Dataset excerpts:
•••••

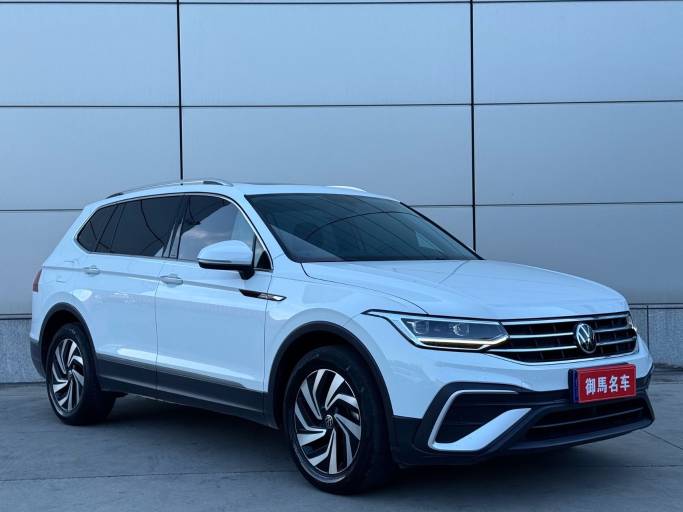 Volkswagen Tiguan 2023 280TSI Automatic 2WD Trendy Creation Limited Edition | Арт. CN-11428 — изображение 3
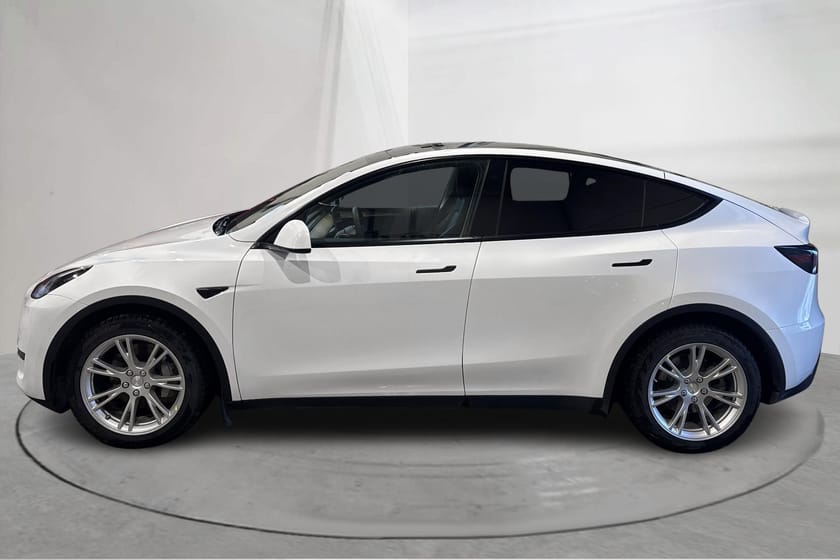 Bild 2 av Tesla Model Y Standard Range RWD Värmepump Panorama
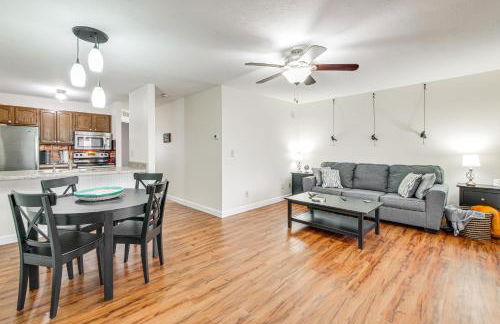 Lakefront Port Clinton Condo with Boat Dock and Slip! - Foto 9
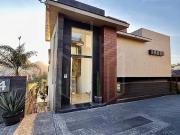 ESPECTACULAR CASA EN VENTA EN BOSQUE ESMERALDA CON... ESPECTACULAR CASA EN VENTA EN BOSQUE ESMERALDA CON...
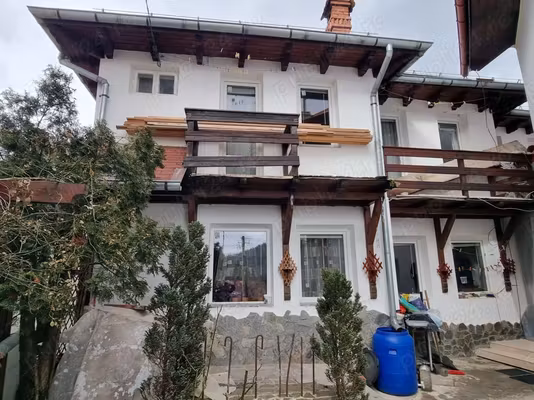 Casă Busteni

•••••

#### WORK ORDER:
What is needed is an exact copy of the lines from the line with "Bild 2 av Tesla" to the end of the data above, both included, without any pictures.

#### RESPONSE:
 Bild 2 av Tesla Model Y Standard Range RWD Värmepump Panorama
 Lakefront Port Clinton Condo with Boat Dock and Slip! - Foto 9
 ESPECTACULAR CASA EN VENTA EN BOSQUE ESMERALDA CON... ESPECTACULAR CASA EN VENTA EN BOSQUE ESMERALDA CON...
 Casă Busteni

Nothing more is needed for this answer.